It’s not helpful’: Energy Minister Angus Taylor slams Jackie Trad’s gas ‘cash grab’
Federal Energy Minister Angus Taylor has taken a swing at the Queensland Labor Government over its decision to hike gas royalties, describing the decision as “cash grab” that would hurt business and consumers.
“It’s not helpful,” he said, speaking at the Energy Week conference in Melbourne today.
“At the end of the day what we’ve seen in Queensland is a state government that is using the energy sector, electricity and gas, to try to make ends meet in a budget where they’re not making ends meet.”
Mr Taylor said Queensland Treasurer Jackie Trad was using high electricity prices and the latest gas royalty hike — which takes Queensland’s rate on its $15 billion worth of LNG exports from 10 per cent to 12.5 per cent, raising an extra $476 million over the next four years — to prop up the state budget.
“They took over $1.6 billion into their budget from electricity consumers last year. And they are now doing the same with gas,” he said.
“Quiet Australians want to see jobs in industry, energy intensive industries, continue to prosper. And tearing money out of those industries to bolster a budget is not helpful, and is not in line with what we need to do to deliver successful prosperous industries with the competitive edge we’ve had for so many years. It’s a cash grab by the Queensland Government.”
Mr Taylor also admitted Australia’s carbon emissions are rising “in absolute terms” but said Australia’s growing natural gas exports are largely responsible for the lift, and liquefied natural gas power generation based on Australian exports would lower carbon emissions across the globe.
Mr Taylor said Australian LNG exports were a transition fuel for the global economy and were helping replace coal-fired generators across the globe, ultimately reducing carbon emissions.

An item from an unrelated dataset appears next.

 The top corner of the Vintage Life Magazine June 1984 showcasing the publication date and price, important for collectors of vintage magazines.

Asked whether he accepted recent data showed Australia’s total emissions were rising, Mr Taylor said “Yes, in absolute terms”.

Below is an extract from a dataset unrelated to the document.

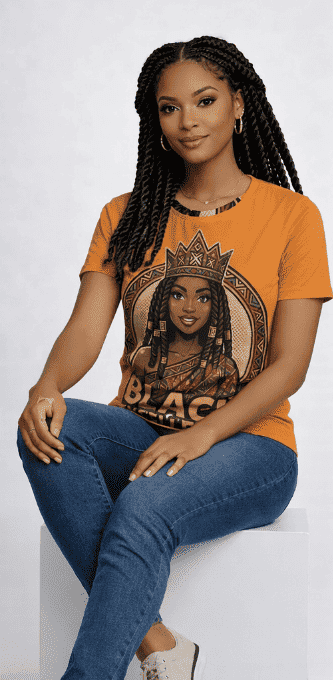 Women's orange crewneck T-shirt with Black Excellence graphic print — alternate view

“But the point I’ve made, always, is that we’re at the lowest levels in 29 years per capita, and on an emissions intensity basis. And, importantly, the major contributor to emissions increases in recent years has been the LNG industry and we should take a very salient look at the role it is playing, because it is a very positive role,” he said.

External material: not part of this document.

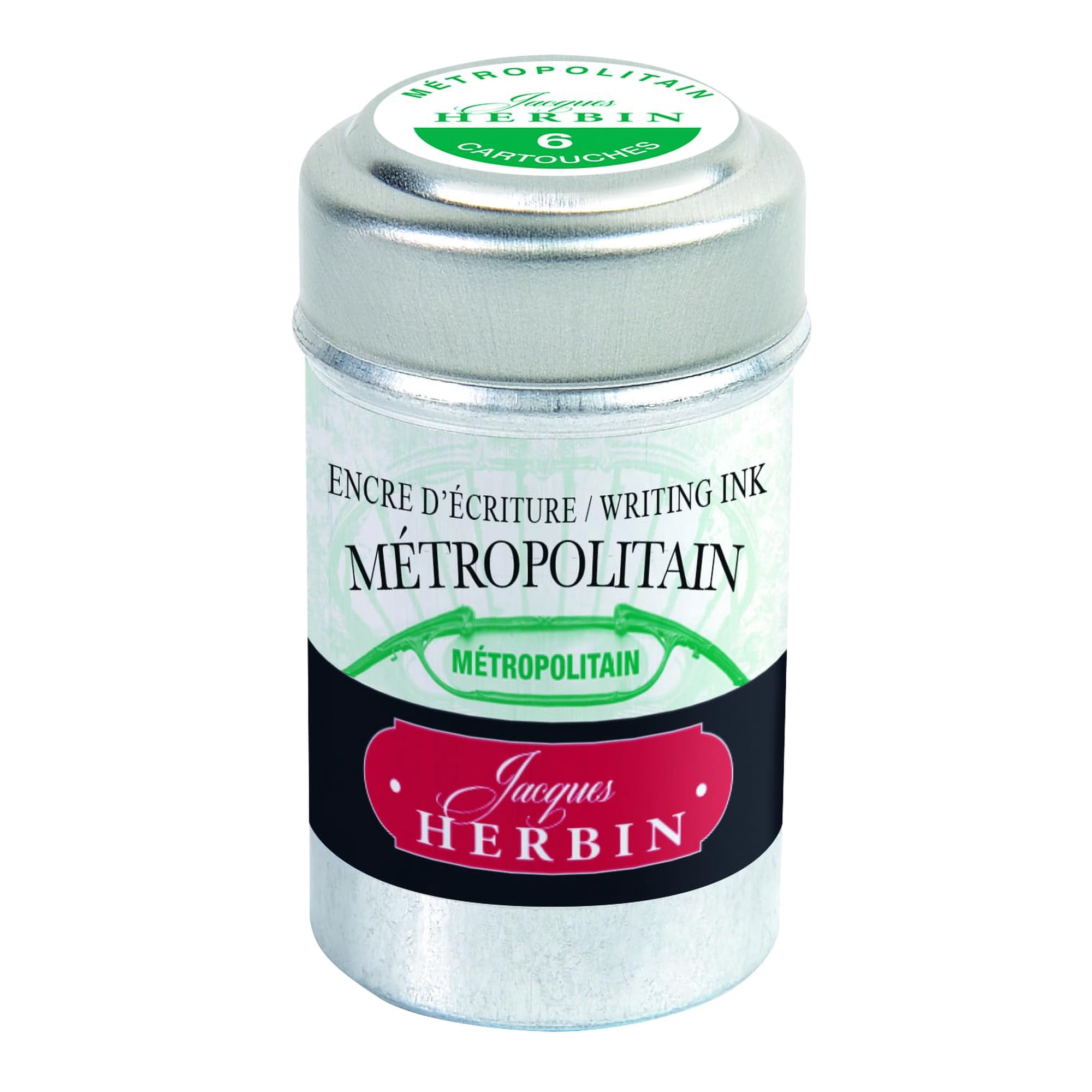Jacques Herbin 20835T - Box 6 Ink cartridges for Fountain pens & Rollerball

Australia has close to 50 million tonnes of LNG export capacity, with sales of the field estimated to be worth about $52 billion next financial year.
The Federal Government’s quarterly report on national carbon emissions, released last week, showed a seasonally adjusted 0.8 per cent lift on the previous quarter — the eleventh straight quarterly rise in a row.
Mr Taylor admitted Australia’s LNG industry was a substantial contributor to Australian emissions, arguing total national carbon emissions would have fallen 20 million tonnes since 2014, to 499 million tonnes, without the gas sector. Instead they have risen 4 million tonnes from a 534mt 2014 baseline that includes the LNG sector, to 538mt.